A scraper to pull images from NBDC's network of buoys that have cam feeds (link), lonely sensors that constantly monitor our seas, air and atmosphere. The cameras are updated on an hourly basis, so the script is set to scrape the feeds every hour from the time it starts running.
Make sure you have node installed. Download the files, open a terminal in the buoy-cam-scraper folder and run:
npm install
Open up a terminal in buoy-cam-scraper/ and run:
npm run scrape-cams
This will start reading and capturing new images from the buoy cameras and saving them to scraped-images. The script will re-scrape every 1 hour. Each file is named in the following format:
[UTC ms when photo was taken by buoy]-[UTC ms when photo was downloaded]-[ID of buoy].jpg
The UTC time when the photo was taken by the buoy is parsed via OCR using tesseract.js. Images that have no data (i.e. all white images) and images that have already been downloaded will be skipped.

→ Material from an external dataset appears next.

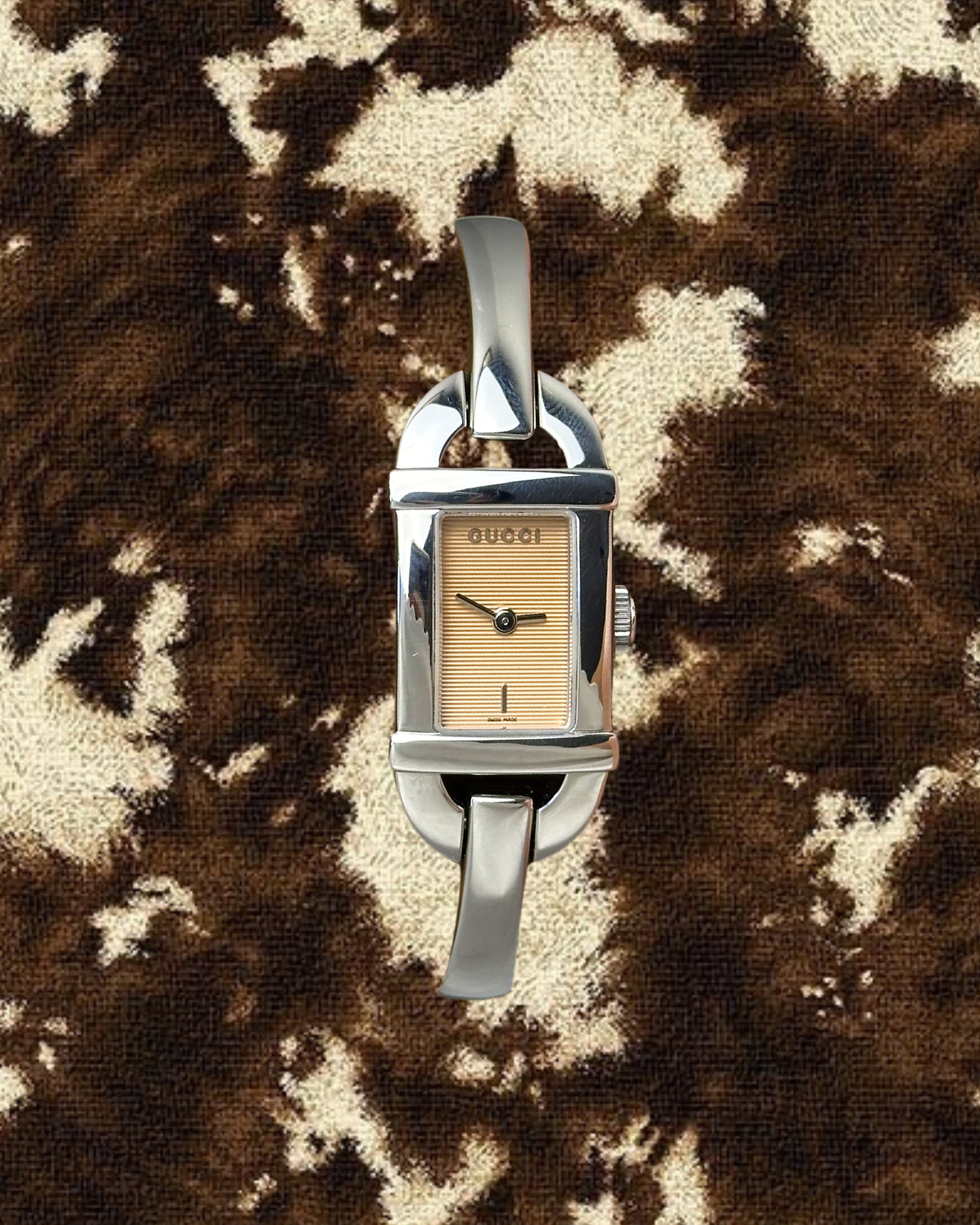2000s Gucci pink dial silver-tone bangle quartz watch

The code is written to be run on a Raspberry Pi. On a Raspberry Pi 3, it takes about ~2 minutes to scrape images from all the buoy cams. The bulk of the time is spent on OCR.

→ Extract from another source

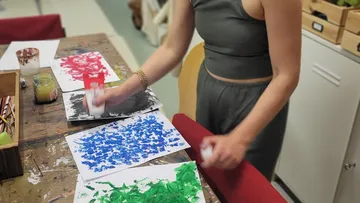Person painting colorful abstract art on paper.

See the info about the NBDC web APIs here.
The data folder contains some scraped meta information:
- buoycam-id-list.json - a list of buoy IDs that have cameras, hand collected on 8/1/17
- buoycam-info.json - meta information about the buoy cams including: name, lat-long location and a base 64 image of the buoy. Scraped on 3/27/18 using
npm run gather-station-info
.
Note: last scraped data is stored with date appended to filenames.